(RECORDS TO USE begins)

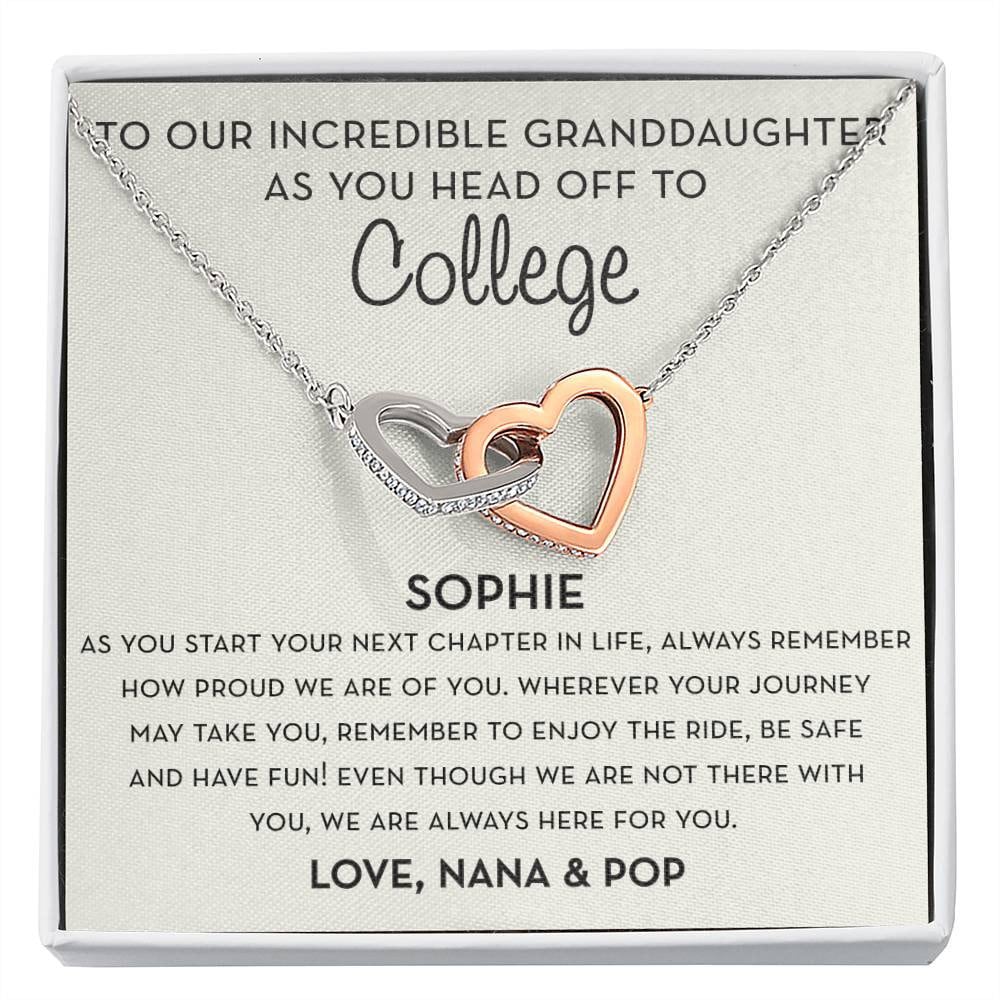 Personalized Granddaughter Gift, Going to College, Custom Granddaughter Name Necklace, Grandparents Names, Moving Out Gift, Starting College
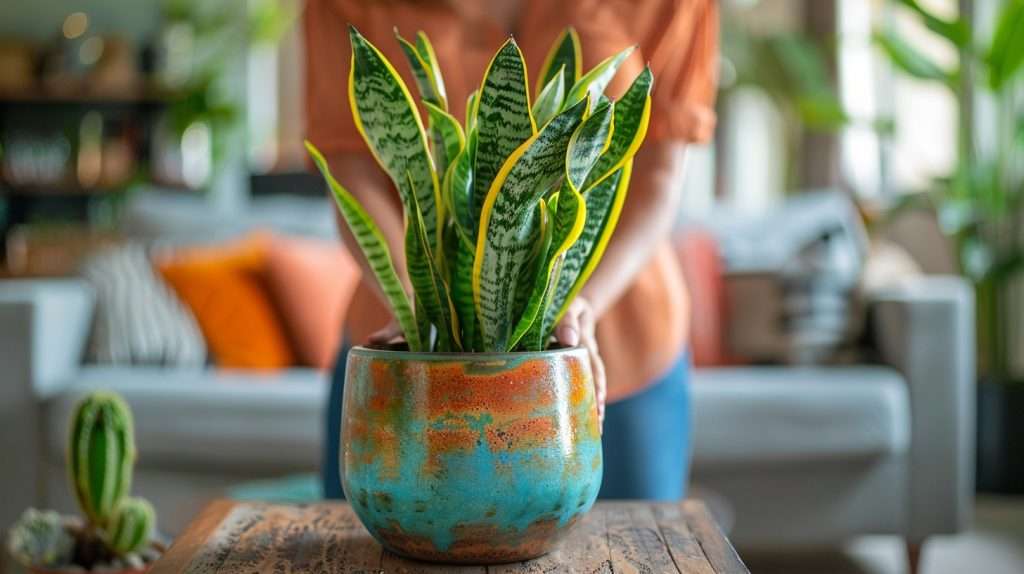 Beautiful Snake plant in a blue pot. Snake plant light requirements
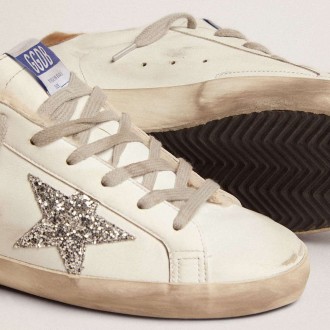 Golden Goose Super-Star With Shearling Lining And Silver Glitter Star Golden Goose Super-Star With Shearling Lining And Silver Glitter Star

(RECORDS TO USE ends)
(RECORDS TO USE begins)

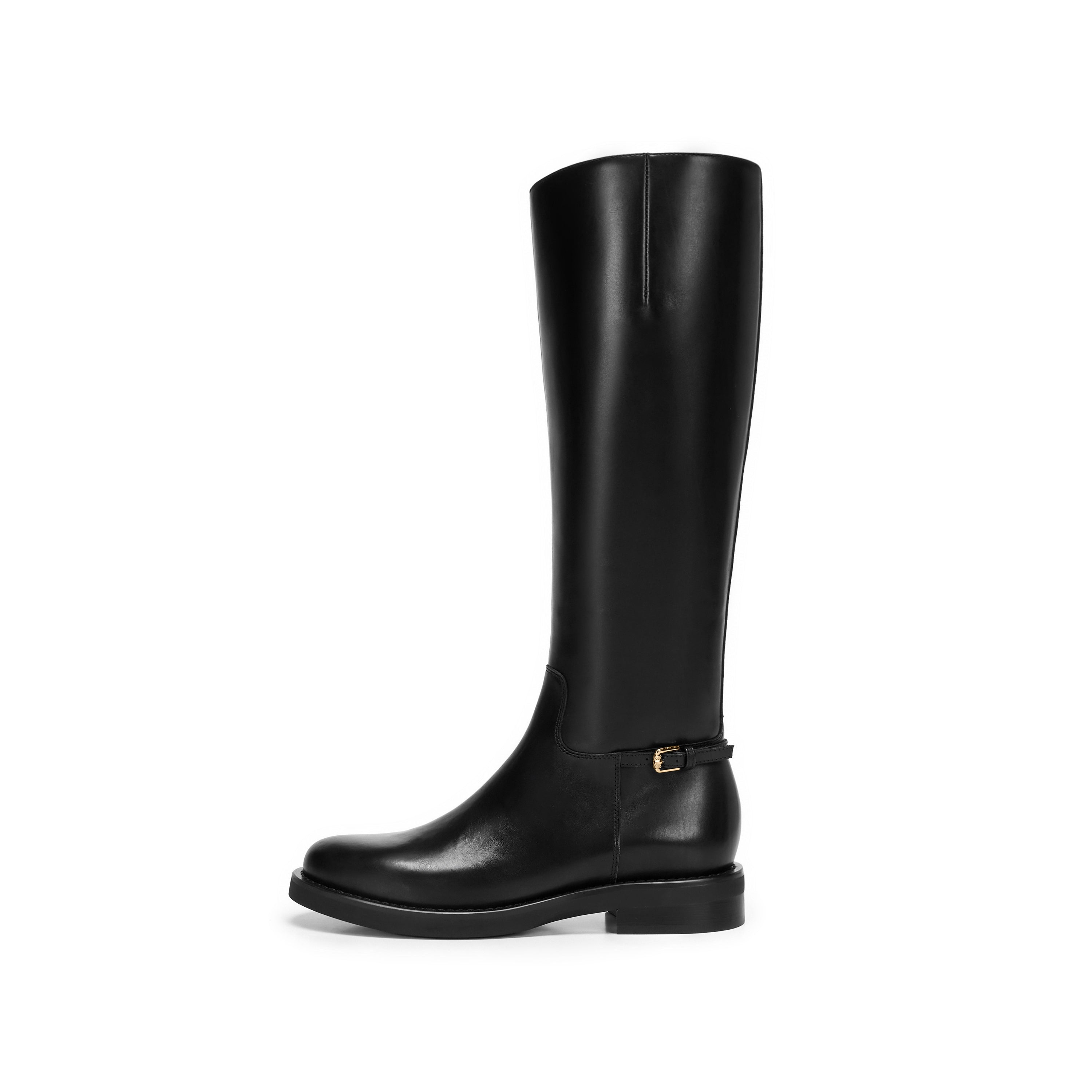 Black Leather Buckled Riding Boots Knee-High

(RECORDS TO USE ends)

• _GOAL OF THE EXERCISE_
Your answer should be the exact lines above from the one containing "Beautiful Snake plant" through the one containing "Glitter Star Golden", with both end lines kept and the pictures removed, please.

• _SOLUTION_
 Beautiful Snake plant in a blue pot. Snake plant light requirements
 Golden Goose Super-Star With Shearling Lining And Silver Glitter Star Golden Goose Super-Star With Shearling Lining And Silver Glitter Star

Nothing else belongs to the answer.